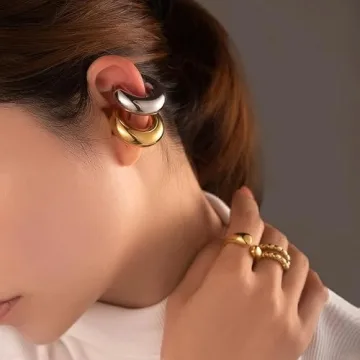 Stylish Non-Pierced Silver Cuff Earrings for Women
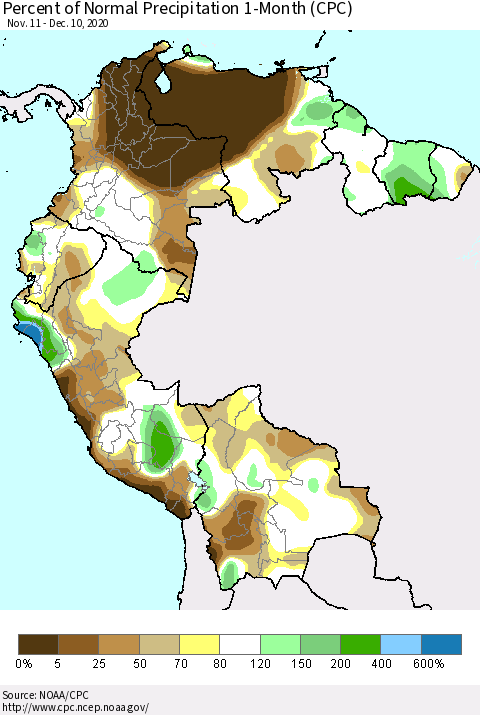 Northern South America Percent of Normal Precipitation 1-Month (CPC) Thematic Map For 11/11/2020 - 12/10/2020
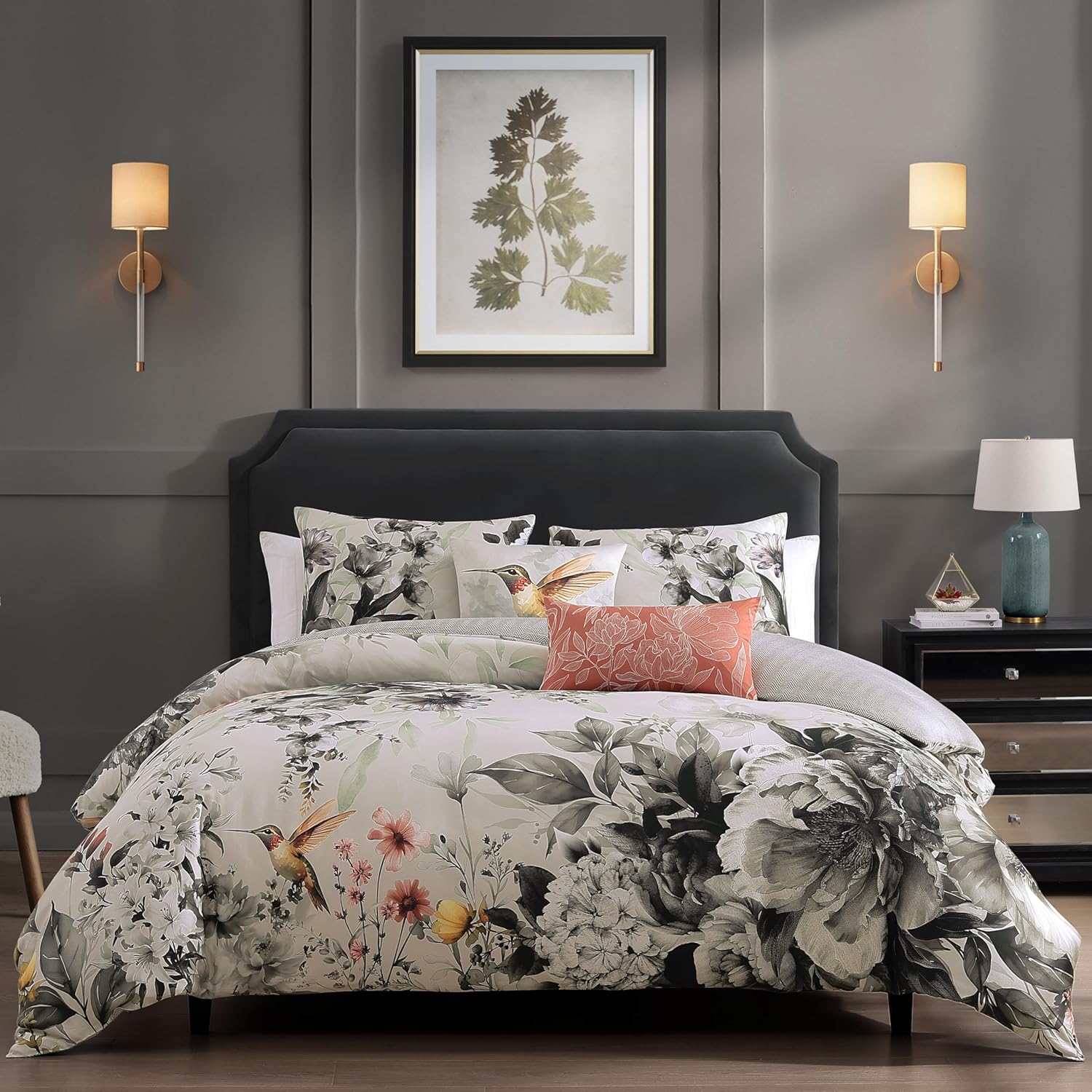 Bebejan Vintage Bloom 5 Piece Comforter Set, 100% Cotton Sateen, 220 Thread Count, Grey Reversible Bedding Comforter Set, 1 Comforter, 2 Shams & 2 Pillows (King/Cal King)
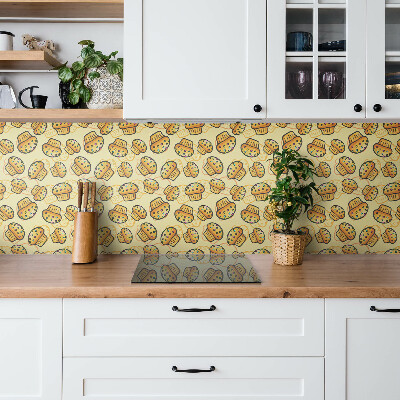 Wall panel Colorful cupcakes on a yellow background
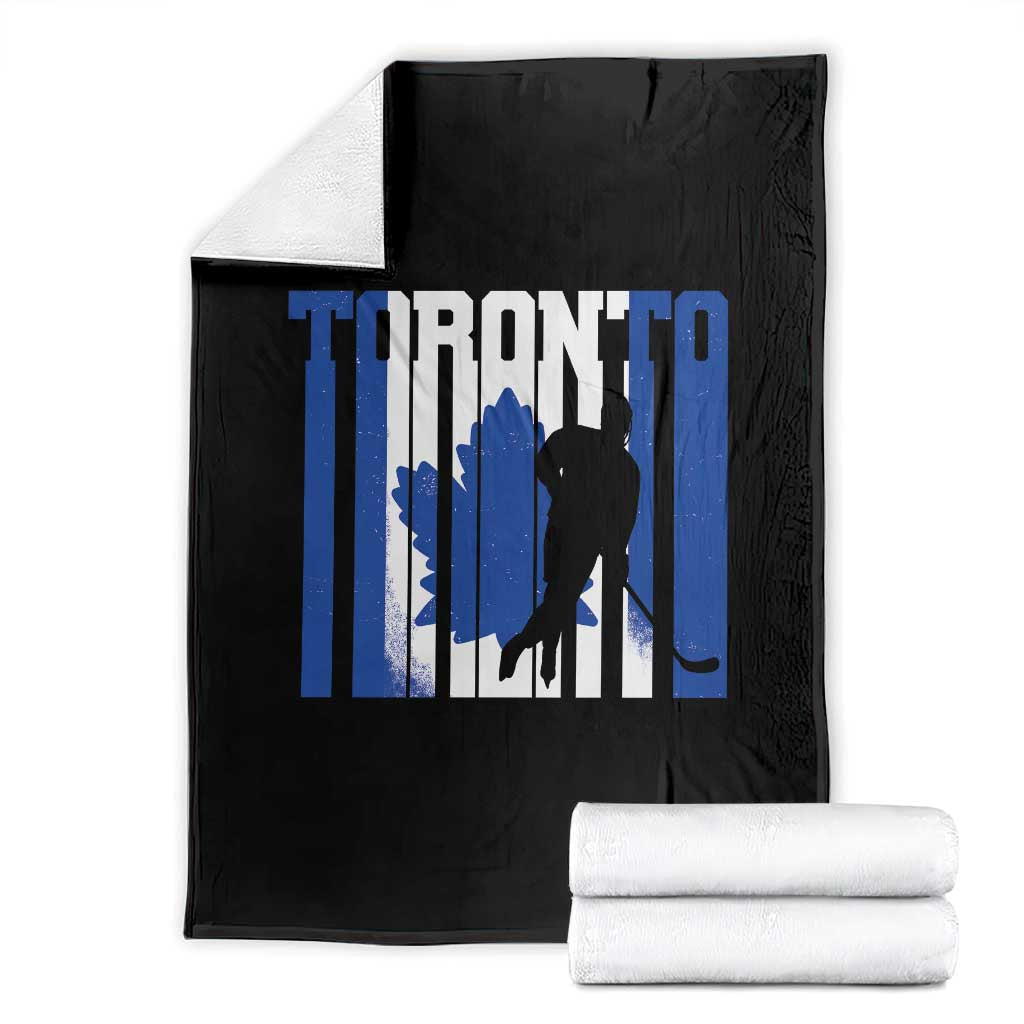 Ice Hockey Torontonian Player Throw Blanket Toronto Flag Gift TS12 Black Print Your Wear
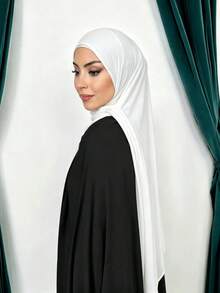 1 Middle Eastern Women's Soft Breathable Anti-Pilling Cotton Hijab – A Comfortable Everyday Muslim Hijab For All Seasons, Easy To Wear And Match. - White - View 4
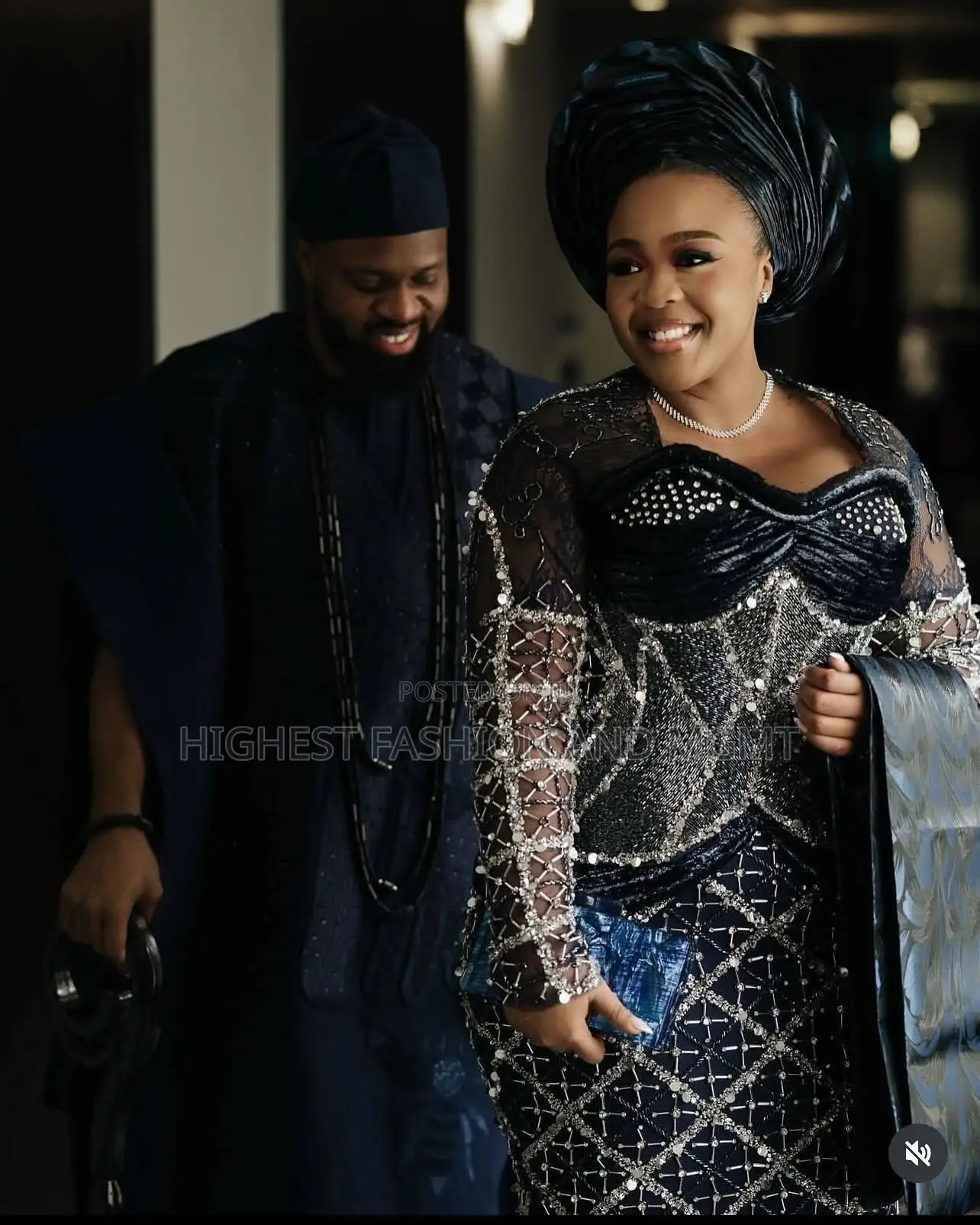 Beaded Sequined Navy Iro and Buba Men’S Structured Navy Agbada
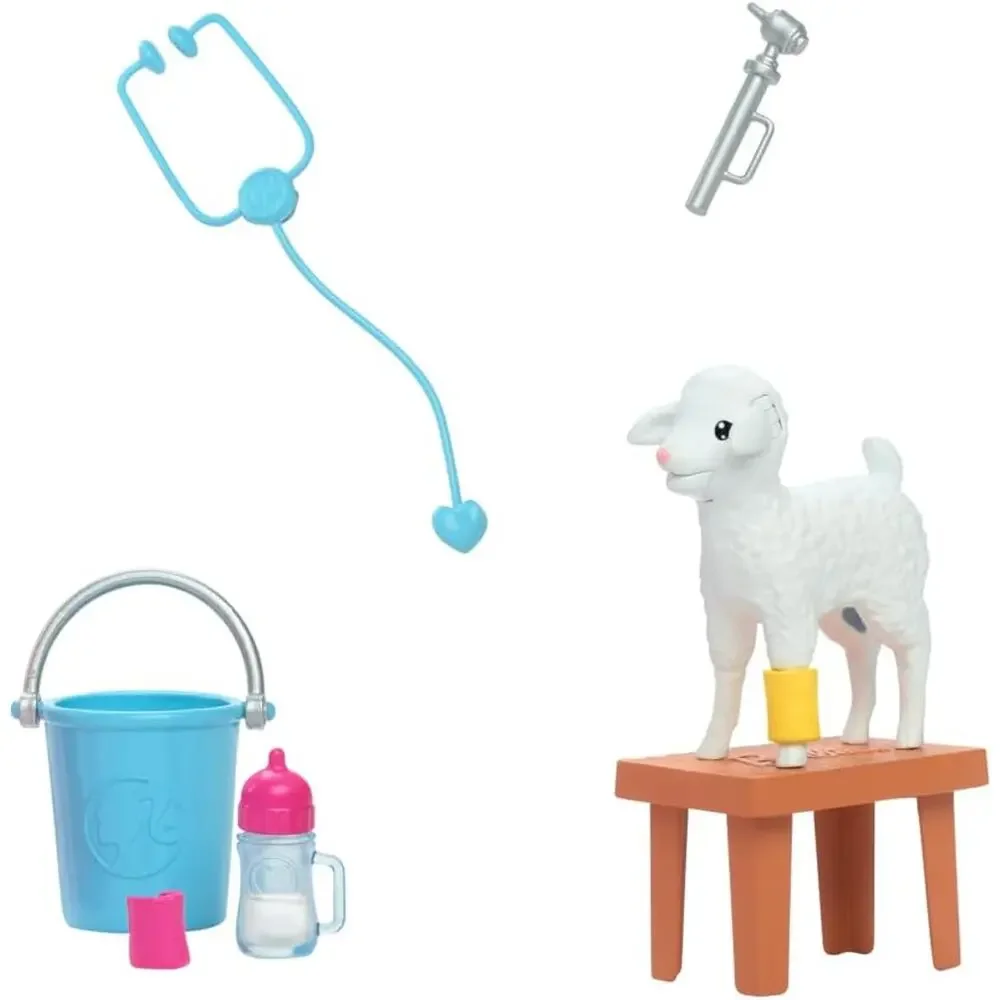 Barbie 65th Anniversary Careers Farm Vet Doll & 10 Accessories NWT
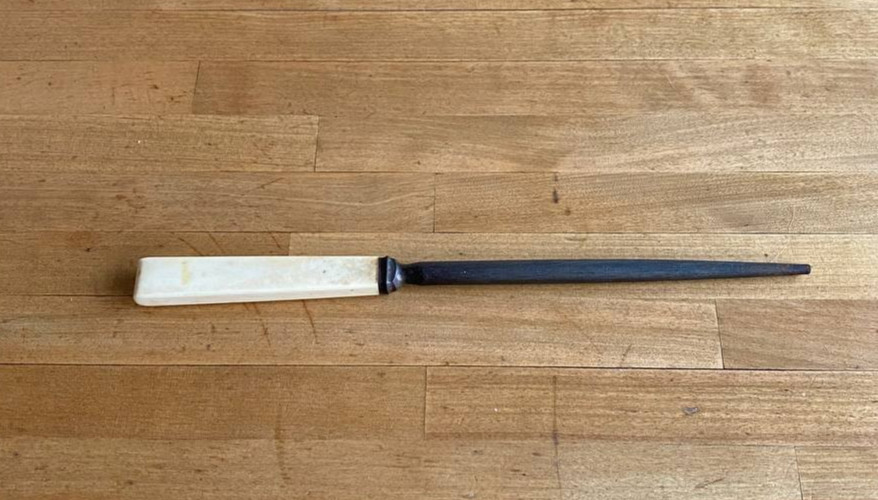 Vintage Knife Sharpener Ivory Stone Handle 11 in Long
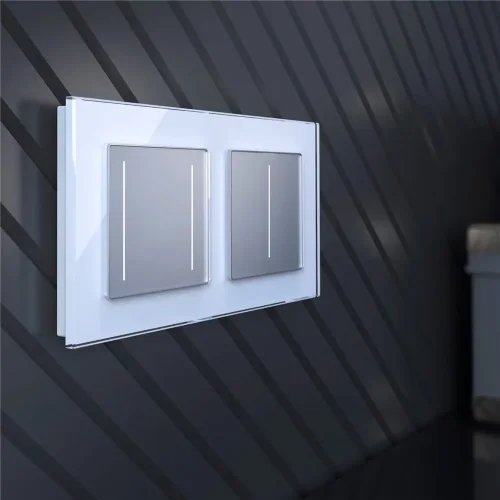 Рамка из стекла на 2 поста Favorit белый W0021101 - фото 9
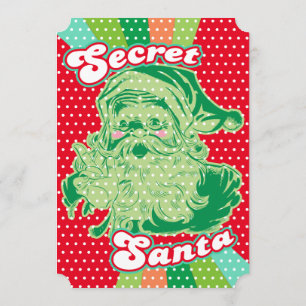 Secret Santa Pop Art Custom Party Invitations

--- --- ---

> **ASSIGNED TASK**
Your answer must be the full listing, word for word, minus any images.

> **WORKED SOLUTION**
 Stylish Non-Pierced Silver Cuff Earrings for Women
 Northern South America Percent of Normal Precipitation 1-Month (CPC) Thematic Map For 11/11/2020 - 12/10/2020
 Bebejan Vintage Bloom 5 Piece Comforter Set, 100% Cotton Sateen, 220 Thread Count, Grey Reversible Bedding Comforter Set, 1 Comforter, 2 Shams & 2 Pillows (King/Cal King)
 Wall panel Colorful cupcakes on a yellow background
 Ice Hockey Torontonian Player Throw Blanket Toronto Flag Gift TS12 Black Print Your Wear
 1 Middle Eastern Women's Soft Breathable Anti-Pilling Cotton Hijab – A Comfortable Everyday Muslim Hijab For All Seasons, Easy To Wear And Match. - White - View 4
 Beaded Sequined Navy Iro and Buba Men’S Structured Navy Agbada
 Barbie 65th Anniversary Careers Farm Vet Doll & 10 Accessories NWT
 Vintage Knife Sharpener Ivory Stone Handle 11 in Long
 Рамка из стекла на 2 поста Favorit белый W0021101 - фото 9
 Secret Santa Pop Art Custom Party Invitations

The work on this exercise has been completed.